Teologicamente, Erastus era seguidor de Ulrich Zwingli e nas conferências teológicas de Heildelberg (1560) e Maulbronn (1564) ele opôs à doutrina luterana da Ceia a interpretação de Zwingli, tendo adquirido reconhecimento no trato de questões teológicas. Sua obra citada acima, Explicatio gravissimmae quaestionis, originalmente circulou como manuscrito, contendo 100 teses, as quais depois foram reduzidas a 75. (The Encyclopedia Americana: the international reference work, Vol. X, New York, 1959, p. 468)

Théodore de Bèze, primeiro reitor da academia fundada por Calvino em Genebra em 1559, vindo depois a tornar-se seu sucessor, escreveu uma réplica a Erastus, a qual foi publicada em 1590. Erastus foi excomungado em 1570 por um concílio presbiteriano sob a acusação de anti-trinitariasmo. Porém, foi restaurado em 1576, e a partir de 1580 ele foi para Basel, onde lecionou Medicina e Ética. Erastus se opunha à severa disciplina do Calvinismo, afirmando na Explicatio que nas Escrituras não se garante que a Igreja tenha a autoridade para punir seus ofensores. Antes, ele entende que os atos de disciplina pertencem ao magistrado civil. A partir dessa ideia foi que se desenvolveu o conceito de “erastianismo”, significando a subordinação da Igreja ao Estado, mas essa doutrina, tal como se desenvolveu depois dele, não significa, necessariamente, que ele a tenha sistematizado, ou que seja seu fundador, como ocorre amiúde na História das doutrinas, das ideias e das práticas humanas. (Idem, p. 468-469).

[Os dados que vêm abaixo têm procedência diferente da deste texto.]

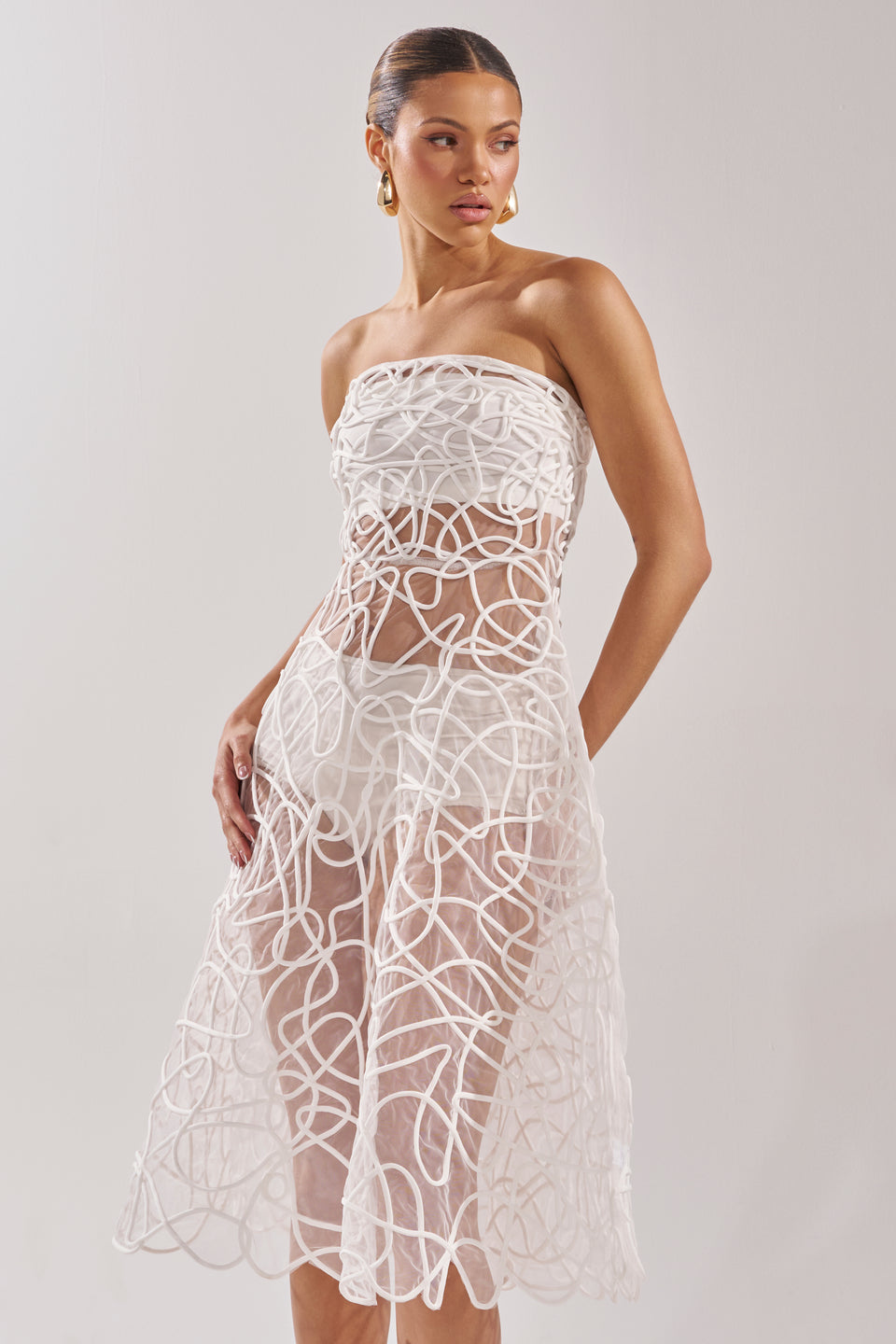 sheer dress with underlay A Line Gown with Sheer Underlay Isoude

Quantos aos outros autores citados,é impossível afirmar com certeza o que Hobbes conhecia de seu pensamento, ou se ele conhecia a Confissão de Augsburgo, mas encontram-se semelhanças entre seus conceitos.

Quanto a William of Ockham, o Prof. Anthony Kenny, autor da obra A New History of Western Philosophy, publicada inicialmente em Oxford em 2004, e já traduzida no Brasil, nos afirmou: “I am not aware of any evidence that Hobbes read Ockham's political writings, and I think it very unlikely that he did so”. (Por email, em 13-07-2012).

De todo modo, Hobbes afirma no Cap. XLII do Leviatã, citando Mt 6.24: “O próprio Cristo nos disse ser impossível... servir a dois Senhores”. Esta é uma afirmação do Evangelho que dificilmente seria desconhecida dos autores mencionados neste artigo, e com a qual eles certamente concordariam, mesmo se ignorassem a sua presença no texto sagrado.